Only 200 of the Arctic Convoy veterans survive today, and yet they are still fighting to gain the recognition they have long deserved from this country. I recently held a debate in Westminster Hall to urge the government to finally honour the veterans of the Arctic Convoys with a medal.
For the Arctic campaign remains the only major maritime campaign of the Second World War without a specific medal. Successive governments have, in opposition, recognised the deep injustice of this situation, but no medal has been granted.
Over the years, the number of veterans has dwindled, while the MoD has hidden behind protocol to deny them recognition, with their most recent review ending fruitlessly after sixteen months. Yet once again, in Tuesday’s debate, the weaknesses of the arguments against a medal were apparent.

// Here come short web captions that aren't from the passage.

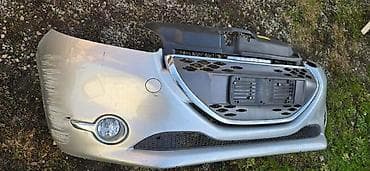 alternator za zastavu 101: BRANIK ZA PEUGEOT 208 | Branik Peugeot 208 — 2
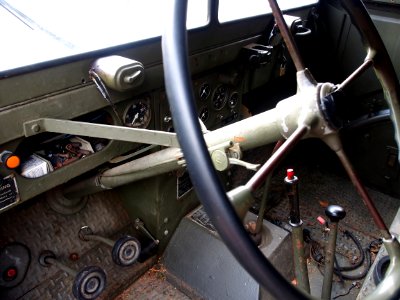 DAF YA-126 Telex (Radio car) pic13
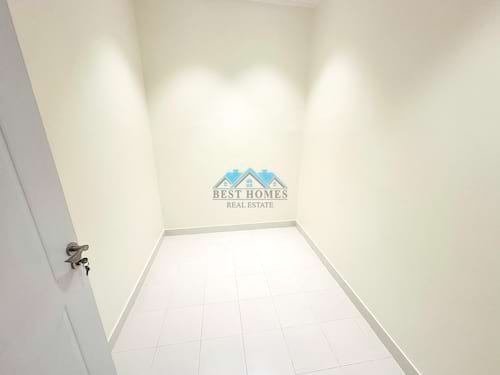 Modern Style 4 Bedroom Duplex with Private Elevator in Al-Masayel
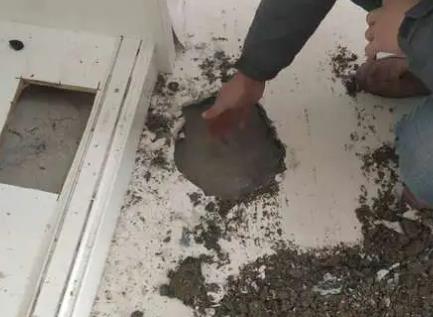兴宾卫生间漏水维修公司分享下精确定位查漏水一次多少钱?不同级别收费不同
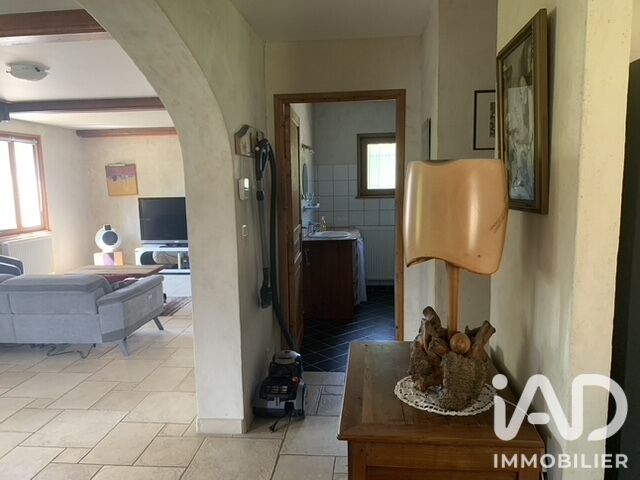 Maison 8 Pièce(s) Saou - Photo 19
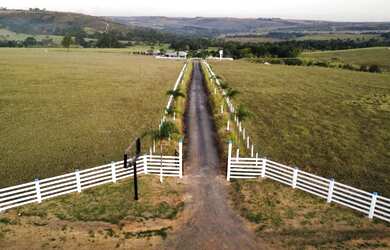 Imagem 3: Fazenda Cocalzinho. 20m² de Área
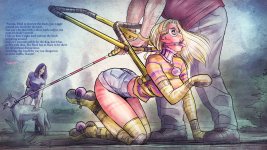 Voluntary Service 03 On short leash eng.jpg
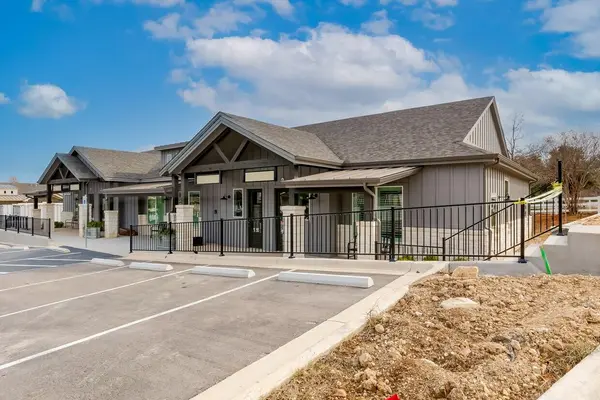 2901 Caballo Ranch BLVD #12A, Cedar Park, TX 78641
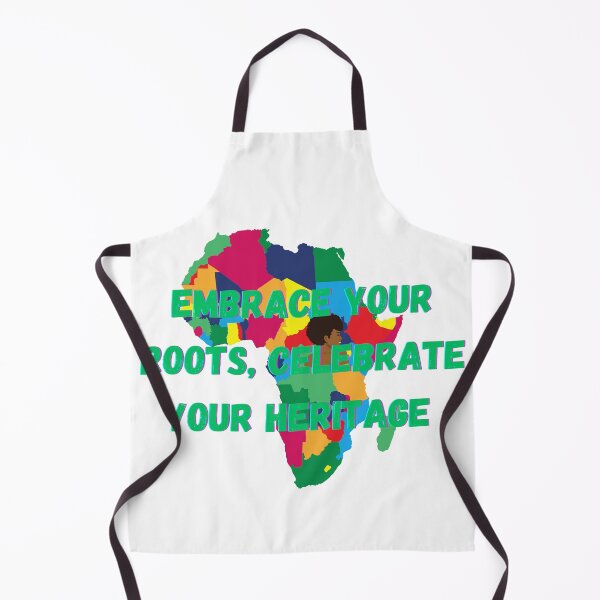 Item preview, Embrace Your Roots, Celebrate Your Heritage designed and sold by mamolebo.
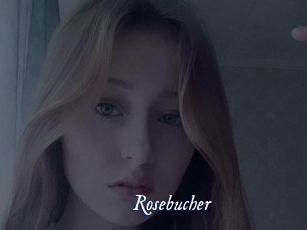 Rosebucher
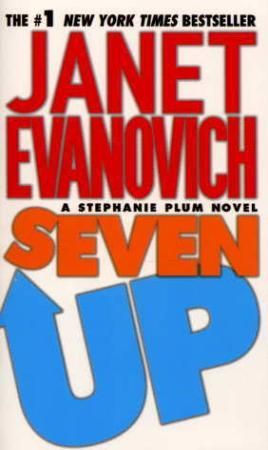 Seven up - a Stephanie Plum novel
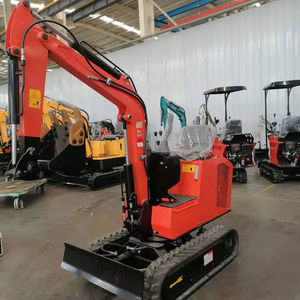 Aw10 1 Ton Kleine Minigraafmachine Te Koop Albanië Andorra Oostenrijk Bosnië Herzegovina Bulgaria Croatia Cyprus Tsjechisch - Product Image 3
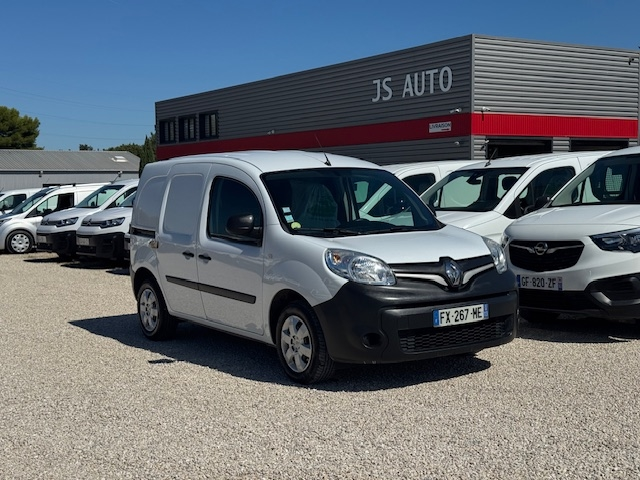 RENAULT KANGOO II EXPRESS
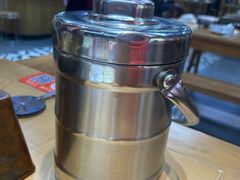 -张氏父子常德肠子馆(贺龙店)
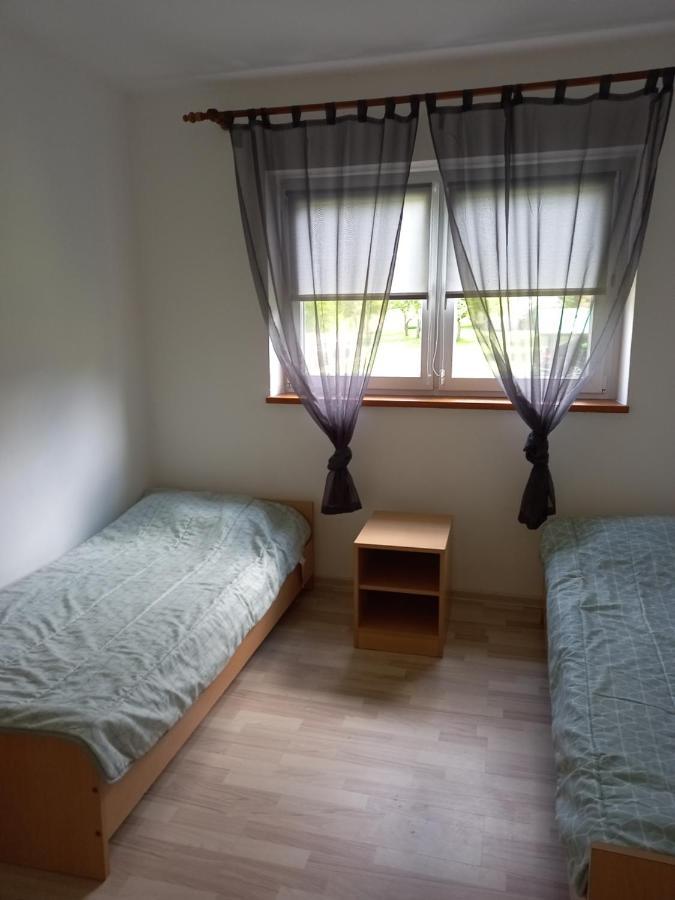 Apartman Filip Apartment Smoljanac Exterior photo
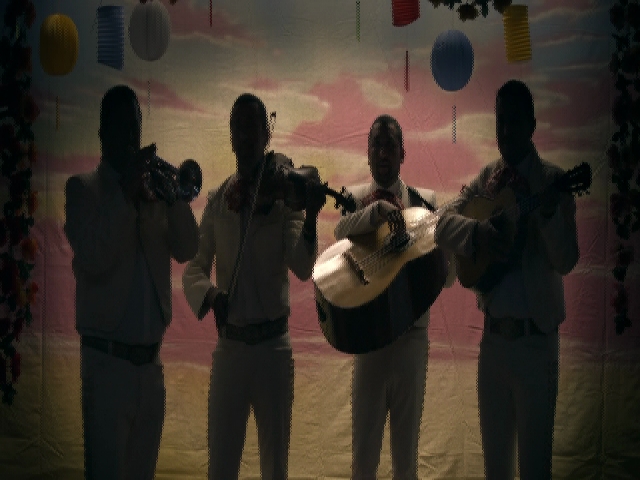 New Ceremony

For the Atlantic Star, which the veterans can ostensibly receive, honours a campaign conducted over 800 miles away, and requires a length of service that no man could conceivably complete in the perilous conditions of the Arctic Circle. Nor should notions of precedent defeat the veterans’ claims. The Minister’s response, which implied that we should not question the wisdom of the previous medal settlements, mistakenly assumed a level of infallibly in our predecessors. As he is well aware, the issuing of the Canal Medal indicated that existing rules can be revised when earlier settlements are shown to contain omissions.
The breadth of cross-party support in the Westminster Hall debate further underlined the merits of the veterans’ case, with numerous interventions also echoing the depth of feeling for this issue among the wider public.
When I questioned the prime minister on the Arctic Convoys back in January, it was clear that he too understood the public support for the veterans’ campaign. He confirmed his commitment to looking into the case of the Arctic Convoy veterans at a meeting at Downing Street. Their calls for recognition will now be scrutinised by an independent medal review.
While I welcome the opportunity for the veterans’ case to be heard, my debate demonstrated once more that time is not on their side. The handful of veterans who attended the debate, now all in their late 80s and 90s, know how little time is left.
These heroic men have waited almost 70 years for recognition from the country they served so courageously. Now is not the time for delay or protocol, but for action. This is what the review must now rapidly deliver, to ensure that these men are honoured before it is too late.